A New Twist on the Academic Law Review
The academic law review is like the weather--everyone complains about it, but no one knows how to fix it. The iconoclasts over at The Green Bag have an idea, which is discussed in an enlightening article in today's Inside Higher Ed. The Green Bag, founded in 1997, seeks "to make short, topical legal writing both cool and tenure-able." Moreover, it "has spawned progeny serious (collections of 'in chamber' opinions by Supreme Court justices), lighthearted (bobblehead dolls and trading cards ... ), and controversial (its own law school rankings)." Its latest initiative is The Journal of Law, which is actually not one new journal, but three, all very different in tone and substance. The first journal is The Congressional Record, FantasyLaw Edition, student edited and meant to be a diversion. It lets readers create a team from members of Congress and then follow their activities, legislative and otherwise. The second journal is Law & Commentary which takes a new approach to peer review. It publishes articles that are unlikely to get placed in a high-profile journal but are worthy of such a placement; the journal also solicits commentary on the article from well-known senior scholars which it also publishes. To quote Professor Ross E. Davies of George Mason Law School, a founder of The Green Bag and editor of The Journal of Law:
There are two interrelated concerns motivating this version of peer review. First, there is the difficulty junior scholars – and also senior scholars working in areas outside their established specialties – sometimes have placing first-class articles in appropriate journals and generally drawing attention to their best work. Second, there is the difficulty consumers of legal scholarship can have identifying which articles – out of the many thousands published every year in the many hundreds of law reviews – most merit their attention. Articles placed in a few leading law journals (the flagship law reviews at prominent law schools and premier faculty-edited journals) will enjoy wide notice. But there are not many slots in those journals, and few of those few go to the work of relatively junior or unknown scholars.

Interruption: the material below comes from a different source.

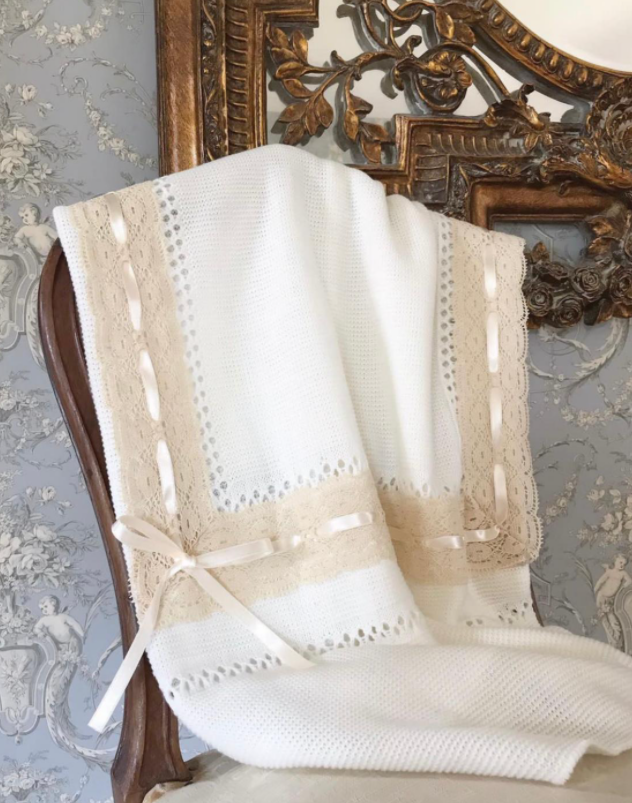 LUCELLA LACE BLANKET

The third journal is also an interesting twist on the typical subjects of academic legal scholarship. Pub. L. Misc. will present documents that are not produced by the courts but that do have implications for policy. According to the introduction, Pub. L. Misc. will publish selected "significant constitutional documents generated by the Article I and II branches of our government," both federal and state.
Print editions of the three journals will be sent to selected institutions (those that subscribe to The Green Bag?) as a gift, but will also be available online. It will be interesting to follow the progress of these three new journals and see if they find a niche.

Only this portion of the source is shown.